BRIEF –
What is the number of lines in this data that contain the word "Pendant"? Give the number alone.

Short web captions –

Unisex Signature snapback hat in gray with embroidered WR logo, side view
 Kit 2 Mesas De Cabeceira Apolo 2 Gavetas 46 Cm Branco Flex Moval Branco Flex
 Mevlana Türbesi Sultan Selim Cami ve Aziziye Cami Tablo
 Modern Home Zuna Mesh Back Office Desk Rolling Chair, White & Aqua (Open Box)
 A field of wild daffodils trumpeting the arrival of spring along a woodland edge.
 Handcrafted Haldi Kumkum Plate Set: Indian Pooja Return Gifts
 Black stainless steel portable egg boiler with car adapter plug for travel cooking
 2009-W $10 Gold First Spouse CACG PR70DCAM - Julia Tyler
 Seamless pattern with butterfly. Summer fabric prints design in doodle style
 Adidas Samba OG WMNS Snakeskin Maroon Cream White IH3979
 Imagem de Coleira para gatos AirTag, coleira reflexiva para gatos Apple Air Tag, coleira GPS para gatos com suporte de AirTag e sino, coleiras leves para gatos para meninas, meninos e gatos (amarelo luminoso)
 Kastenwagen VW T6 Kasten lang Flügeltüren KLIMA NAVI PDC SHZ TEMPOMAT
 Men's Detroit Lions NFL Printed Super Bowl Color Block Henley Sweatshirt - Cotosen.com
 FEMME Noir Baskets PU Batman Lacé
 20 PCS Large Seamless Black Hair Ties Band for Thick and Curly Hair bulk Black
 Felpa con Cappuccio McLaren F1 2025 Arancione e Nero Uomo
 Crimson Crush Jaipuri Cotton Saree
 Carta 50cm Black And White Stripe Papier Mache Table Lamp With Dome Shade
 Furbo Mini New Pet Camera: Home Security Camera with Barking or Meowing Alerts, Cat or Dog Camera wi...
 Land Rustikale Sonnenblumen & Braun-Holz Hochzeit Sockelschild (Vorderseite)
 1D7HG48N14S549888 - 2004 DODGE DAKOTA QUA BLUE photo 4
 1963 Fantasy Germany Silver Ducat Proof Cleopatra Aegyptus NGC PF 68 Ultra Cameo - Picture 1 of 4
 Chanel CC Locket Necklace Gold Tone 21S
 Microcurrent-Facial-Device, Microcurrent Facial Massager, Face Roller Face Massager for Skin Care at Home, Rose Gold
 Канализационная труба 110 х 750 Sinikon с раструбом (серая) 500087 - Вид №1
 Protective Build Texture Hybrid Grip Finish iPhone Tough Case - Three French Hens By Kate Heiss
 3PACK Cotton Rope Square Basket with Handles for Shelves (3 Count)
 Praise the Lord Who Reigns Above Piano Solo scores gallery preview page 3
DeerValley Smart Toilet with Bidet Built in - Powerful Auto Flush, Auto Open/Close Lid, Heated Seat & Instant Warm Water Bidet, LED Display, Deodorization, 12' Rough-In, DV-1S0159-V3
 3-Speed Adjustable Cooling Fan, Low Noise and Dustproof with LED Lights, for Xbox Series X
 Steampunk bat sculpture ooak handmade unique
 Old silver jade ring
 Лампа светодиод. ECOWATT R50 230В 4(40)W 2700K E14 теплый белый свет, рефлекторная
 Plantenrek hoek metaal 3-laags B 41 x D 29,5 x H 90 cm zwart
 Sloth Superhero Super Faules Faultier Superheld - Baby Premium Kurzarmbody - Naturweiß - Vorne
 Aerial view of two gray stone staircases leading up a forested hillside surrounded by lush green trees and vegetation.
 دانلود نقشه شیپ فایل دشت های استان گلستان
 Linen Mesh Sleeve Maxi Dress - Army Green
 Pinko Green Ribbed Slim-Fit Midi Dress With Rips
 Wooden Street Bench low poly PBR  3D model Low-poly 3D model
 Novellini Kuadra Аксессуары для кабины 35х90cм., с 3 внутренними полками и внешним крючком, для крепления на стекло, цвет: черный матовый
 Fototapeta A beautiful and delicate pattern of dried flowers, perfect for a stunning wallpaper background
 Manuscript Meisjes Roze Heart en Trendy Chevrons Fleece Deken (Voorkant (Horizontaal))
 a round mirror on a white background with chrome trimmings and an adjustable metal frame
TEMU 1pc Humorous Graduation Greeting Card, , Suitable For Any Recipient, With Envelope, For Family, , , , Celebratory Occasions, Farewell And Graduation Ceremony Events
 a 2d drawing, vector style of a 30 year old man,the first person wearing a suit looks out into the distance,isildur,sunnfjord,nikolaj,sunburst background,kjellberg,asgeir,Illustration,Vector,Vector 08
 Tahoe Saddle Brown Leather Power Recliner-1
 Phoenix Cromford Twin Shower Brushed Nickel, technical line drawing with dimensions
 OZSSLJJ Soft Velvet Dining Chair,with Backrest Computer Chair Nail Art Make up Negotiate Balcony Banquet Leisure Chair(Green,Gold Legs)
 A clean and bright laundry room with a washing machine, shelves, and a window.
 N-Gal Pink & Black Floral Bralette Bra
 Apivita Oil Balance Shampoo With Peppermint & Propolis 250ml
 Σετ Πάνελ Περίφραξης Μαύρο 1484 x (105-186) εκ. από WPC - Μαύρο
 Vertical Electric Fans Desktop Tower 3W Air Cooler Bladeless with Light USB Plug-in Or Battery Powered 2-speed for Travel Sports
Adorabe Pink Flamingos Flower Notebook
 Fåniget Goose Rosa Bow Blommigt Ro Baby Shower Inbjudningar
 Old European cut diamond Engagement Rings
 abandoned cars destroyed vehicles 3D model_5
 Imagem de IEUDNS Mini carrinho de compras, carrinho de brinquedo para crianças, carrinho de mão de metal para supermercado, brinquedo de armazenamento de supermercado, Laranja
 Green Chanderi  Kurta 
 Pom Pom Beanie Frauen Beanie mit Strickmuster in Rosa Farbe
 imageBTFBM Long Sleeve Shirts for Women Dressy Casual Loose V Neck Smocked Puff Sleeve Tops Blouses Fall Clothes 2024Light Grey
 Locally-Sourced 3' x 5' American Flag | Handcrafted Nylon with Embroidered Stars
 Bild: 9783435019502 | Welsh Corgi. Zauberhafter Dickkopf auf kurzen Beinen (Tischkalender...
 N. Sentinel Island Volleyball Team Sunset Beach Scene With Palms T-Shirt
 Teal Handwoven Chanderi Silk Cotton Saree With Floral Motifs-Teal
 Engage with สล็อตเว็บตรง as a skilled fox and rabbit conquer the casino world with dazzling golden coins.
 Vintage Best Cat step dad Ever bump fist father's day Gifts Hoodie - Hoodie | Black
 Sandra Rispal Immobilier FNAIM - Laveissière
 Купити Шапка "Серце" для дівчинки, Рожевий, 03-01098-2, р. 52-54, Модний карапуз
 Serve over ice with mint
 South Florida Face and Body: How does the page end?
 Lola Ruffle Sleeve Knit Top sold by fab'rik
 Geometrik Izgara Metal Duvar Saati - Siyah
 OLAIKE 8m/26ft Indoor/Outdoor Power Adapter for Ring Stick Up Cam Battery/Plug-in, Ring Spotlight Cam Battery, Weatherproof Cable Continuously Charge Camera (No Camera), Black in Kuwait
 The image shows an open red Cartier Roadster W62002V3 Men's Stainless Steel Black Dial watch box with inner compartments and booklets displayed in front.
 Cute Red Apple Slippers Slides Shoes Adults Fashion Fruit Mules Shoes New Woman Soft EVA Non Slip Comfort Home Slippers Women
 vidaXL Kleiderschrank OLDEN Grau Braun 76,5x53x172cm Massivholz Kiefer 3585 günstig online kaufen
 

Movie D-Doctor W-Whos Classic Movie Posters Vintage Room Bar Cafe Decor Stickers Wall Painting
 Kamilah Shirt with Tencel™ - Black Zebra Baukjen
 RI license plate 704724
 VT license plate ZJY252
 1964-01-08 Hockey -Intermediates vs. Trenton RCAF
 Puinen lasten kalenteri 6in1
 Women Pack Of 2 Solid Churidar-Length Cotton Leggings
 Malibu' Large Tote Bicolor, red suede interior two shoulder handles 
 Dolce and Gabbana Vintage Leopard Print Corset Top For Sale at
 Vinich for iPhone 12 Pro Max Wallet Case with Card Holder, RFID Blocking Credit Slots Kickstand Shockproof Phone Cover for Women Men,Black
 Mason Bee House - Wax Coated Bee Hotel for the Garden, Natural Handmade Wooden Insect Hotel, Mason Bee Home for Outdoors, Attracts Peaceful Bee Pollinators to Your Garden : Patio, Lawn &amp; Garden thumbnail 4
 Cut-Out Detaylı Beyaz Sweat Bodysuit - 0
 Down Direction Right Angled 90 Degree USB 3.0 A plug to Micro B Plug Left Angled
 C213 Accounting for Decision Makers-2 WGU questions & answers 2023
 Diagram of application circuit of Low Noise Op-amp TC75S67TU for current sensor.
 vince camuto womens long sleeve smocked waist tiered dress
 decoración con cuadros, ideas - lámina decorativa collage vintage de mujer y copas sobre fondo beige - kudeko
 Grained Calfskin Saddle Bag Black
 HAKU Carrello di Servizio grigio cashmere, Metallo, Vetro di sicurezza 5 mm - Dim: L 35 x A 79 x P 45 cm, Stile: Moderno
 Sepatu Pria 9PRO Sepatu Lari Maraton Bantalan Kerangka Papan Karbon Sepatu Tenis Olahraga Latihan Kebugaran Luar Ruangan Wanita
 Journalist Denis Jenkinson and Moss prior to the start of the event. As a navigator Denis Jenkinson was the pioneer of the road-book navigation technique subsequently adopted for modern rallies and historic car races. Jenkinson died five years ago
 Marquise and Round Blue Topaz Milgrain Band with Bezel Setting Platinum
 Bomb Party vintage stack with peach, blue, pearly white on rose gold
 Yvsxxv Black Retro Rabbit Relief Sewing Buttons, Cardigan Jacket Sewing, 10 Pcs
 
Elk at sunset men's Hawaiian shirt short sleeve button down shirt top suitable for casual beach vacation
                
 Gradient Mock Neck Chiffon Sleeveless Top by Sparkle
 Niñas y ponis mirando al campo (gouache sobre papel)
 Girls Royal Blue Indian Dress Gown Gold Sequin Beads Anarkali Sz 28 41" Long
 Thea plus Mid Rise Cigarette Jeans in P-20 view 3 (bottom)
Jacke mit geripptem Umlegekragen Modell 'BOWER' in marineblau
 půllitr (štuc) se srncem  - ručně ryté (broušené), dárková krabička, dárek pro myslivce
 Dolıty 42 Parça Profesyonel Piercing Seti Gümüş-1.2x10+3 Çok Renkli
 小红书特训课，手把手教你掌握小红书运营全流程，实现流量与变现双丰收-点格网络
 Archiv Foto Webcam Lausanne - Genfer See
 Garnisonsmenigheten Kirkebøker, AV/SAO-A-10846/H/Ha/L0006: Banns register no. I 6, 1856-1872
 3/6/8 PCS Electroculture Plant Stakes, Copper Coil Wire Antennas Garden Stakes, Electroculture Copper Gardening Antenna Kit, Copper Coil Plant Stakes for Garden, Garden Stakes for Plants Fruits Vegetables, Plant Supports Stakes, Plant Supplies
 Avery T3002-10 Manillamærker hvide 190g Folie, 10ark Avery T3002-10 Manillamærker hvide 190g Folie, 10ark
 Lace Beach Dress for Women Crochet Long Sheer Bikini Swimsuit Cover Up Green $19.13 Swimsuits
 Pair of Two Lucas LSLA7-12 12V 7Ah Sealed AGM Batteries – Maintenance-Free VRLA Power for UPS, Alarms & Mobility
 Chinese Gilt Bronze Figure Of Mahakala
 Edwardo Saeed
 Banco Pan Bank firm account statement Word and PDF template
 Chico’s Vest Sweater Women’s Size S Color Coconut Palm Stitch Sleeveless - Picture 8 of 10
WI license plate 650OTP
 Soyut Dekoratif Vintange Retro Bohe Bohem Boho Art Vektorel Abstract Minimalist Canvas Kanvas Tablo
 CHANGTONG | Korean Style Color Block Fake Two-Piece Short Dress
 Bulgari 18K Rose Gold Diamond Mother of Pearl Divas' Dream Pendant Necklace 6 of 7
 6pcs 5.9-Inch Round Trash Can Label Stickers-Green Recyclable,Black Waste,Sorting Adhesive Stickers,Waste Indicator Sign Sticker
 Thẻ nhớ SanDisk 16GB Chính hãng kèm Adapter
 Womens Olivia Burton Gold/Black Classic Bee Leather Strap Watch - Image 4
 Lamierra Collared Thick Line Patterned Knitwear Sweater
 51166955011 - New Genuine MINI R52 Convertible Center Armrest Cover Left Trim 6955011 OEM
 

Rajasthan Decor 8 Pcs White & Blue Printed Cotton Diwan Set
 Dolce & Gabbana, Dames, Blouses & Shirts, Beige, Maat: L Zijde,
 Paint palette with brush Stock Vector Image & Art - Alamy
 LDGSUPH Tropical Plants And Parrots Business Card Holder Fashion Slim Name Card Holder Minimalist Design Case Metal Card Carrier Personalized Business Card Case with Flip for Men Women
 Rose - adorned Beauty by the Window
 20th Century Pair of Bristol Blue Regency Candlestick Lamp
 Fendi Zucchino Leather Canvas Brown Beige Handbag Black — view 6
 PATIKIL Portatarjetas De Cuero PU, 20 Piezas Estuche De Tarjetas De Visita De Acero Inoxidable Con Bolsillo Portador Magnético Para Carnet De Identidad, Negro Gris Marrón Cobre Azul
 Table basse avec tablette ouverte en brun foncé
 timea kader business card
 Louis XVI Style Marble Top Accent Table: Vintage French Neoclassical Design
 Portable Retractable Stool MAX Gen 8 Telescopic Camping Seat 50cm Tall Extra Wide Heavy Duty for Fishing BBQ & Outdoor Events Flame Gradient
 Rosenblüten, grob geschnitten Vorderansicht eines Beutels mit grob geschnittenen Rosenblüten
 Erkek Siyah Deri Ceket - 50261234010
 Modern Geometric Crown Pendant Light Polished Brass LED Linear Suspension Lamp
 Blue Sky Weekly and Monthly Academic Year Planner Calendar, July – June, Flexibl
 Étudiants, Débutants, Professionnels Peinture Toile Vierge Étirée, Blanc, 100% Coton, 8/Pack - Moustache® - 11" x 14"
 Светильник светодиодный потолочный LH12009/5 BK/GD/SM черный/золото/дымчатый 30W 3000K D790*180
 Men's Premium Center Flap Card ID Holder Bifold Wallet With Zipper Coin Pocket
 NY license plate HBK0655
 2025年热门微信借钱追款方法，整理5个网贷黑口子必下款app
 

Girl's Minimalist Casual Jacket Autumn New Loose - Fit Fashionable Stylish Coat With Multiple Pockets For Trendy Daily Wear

OUTPUT OF THE TASK –
2